Improving back-end collection processes can also contribute to better cash flow. The most obvious process is to provide easy payment options. Fewer than half of today's hospitals permit patients to pay online or via IVR (interactive voice response) technologies. The percentage of medical practices is doubtless considerably smaller. By giving patients convenient payment options, where they can punch in a credit card number—or use a service like PayPal—rather than writing and mailing a check, anesthesiologists can facilitate the collection of the patient balance. In 2009, 64.4 million households paid at least one bill on a bank or vendor website. As noted above, ABC is about to make an online patient payment portal available to our clients.

A complete electronic billing system may simplify the creation of a custom payment plan, if the practice chooses to offer one. Another benefit of such a system is the savings in staff time. Reconciliation costs have reportedly been reduced by up to 40% through internet-based payment methodologies.

Whether the patient receives a paper or an electronic statement, the occasion provides another opportunity to help patients understand their bill and their insurance benefits. Some physicians have inserted in the envelope or posted online a glossary of terms, or a "What to do When You Receive a Medical Bill" brochure that outlines simple options.

In the end, we must remember, we are dealing with something that is painful to many patients and secondarily to their physicians—the shift of financial responsibility for their medical bills from employers and health plans to the patients.

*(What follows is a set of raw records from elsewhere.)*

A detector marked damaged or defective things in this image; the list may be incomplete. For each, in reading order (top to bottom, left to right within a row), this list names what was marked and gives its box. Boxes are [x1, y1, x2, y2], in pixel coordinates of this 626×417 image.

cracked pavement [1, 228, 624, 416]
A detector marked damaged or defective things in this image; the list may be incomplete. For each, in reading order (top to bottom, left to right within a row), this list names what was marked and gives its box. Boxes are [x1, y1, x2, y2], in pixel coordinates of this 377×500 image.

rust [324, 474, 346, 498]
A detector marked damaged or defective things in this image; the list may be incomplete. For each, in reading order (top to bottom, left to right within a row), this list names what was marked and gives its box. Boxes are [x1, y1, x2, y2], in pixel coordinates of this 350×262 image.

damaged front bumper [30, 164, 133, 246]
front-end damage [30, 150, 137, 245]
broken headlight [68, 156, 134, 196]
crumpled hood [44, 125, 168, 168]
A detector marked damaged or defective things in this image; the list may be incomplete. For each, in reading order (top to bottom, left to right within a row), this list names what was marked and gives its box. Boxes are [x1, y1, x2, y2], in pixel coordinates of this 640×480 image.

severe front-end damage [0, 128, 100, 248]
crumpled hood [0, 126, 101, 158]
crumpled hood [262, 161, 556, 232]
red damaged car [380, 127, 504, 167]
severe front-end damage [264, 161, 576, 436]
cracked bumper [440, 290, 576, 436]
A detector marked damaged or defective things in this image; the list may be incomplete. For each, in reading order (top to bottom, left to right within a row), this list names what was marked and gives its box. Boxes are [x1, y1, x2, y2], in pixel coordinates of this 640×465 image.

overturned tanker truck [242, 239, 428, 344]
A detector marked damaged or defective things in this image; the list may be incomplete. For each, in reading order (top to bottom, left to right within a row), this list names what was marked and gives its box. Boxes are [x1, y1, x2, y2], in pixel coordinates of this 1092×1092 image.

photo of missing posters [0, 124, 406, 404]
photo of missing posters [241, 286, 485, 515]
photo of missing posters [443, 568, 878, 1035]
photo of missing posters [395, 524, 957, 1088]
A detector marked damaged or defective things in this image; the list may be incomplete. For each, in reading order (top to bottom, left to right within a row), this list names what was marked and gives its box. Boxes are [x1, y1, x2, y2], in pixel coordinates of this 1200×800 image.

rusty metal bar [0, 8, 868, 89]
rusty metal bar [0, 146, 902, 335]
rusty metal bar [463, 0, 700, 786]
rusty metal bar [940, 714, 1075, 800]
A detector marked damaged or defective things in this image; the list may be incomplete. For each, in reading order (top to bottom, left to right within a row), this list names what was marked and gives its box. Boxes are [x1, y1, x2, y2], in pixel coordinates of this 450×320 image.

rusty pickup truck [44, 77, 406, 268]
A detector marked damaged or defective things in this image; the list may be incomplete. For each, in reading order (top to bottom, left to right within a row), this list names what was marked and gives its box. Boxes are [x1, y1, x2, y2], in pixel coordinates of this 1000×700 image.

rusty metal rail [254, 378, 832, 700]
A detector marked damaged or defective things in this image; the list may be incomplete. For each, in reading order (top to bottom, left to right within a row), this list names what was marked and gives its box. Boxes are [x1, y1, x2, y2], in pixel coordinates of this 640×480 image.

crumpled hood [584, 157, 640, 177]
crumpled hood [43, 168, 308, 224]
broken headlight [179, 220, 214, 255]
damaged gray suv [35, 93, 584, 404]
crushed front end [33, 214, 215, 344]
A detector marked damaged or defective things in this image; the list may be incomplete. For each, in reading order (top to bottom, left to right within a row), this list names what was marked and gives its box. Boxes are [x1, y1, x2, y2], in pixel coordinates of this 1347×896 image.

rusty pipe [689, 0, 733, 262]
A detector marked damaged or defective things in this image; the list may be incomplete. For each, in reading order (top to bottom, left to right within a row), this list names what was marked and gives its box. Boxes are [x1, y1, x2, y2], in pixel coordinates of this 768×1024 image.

No collection system is going to be perfect, least of all in the current economy. As one practice administrator has noted, when they receive a reminder of the balance due, some patients “call to tell us their credit is already bad and they don't care if we send them to a credit reporting collection agency…..most ignore our letter and go to collections."

Sensitivity and sound technology are our best assets. We hope that we can continue educating each other on both.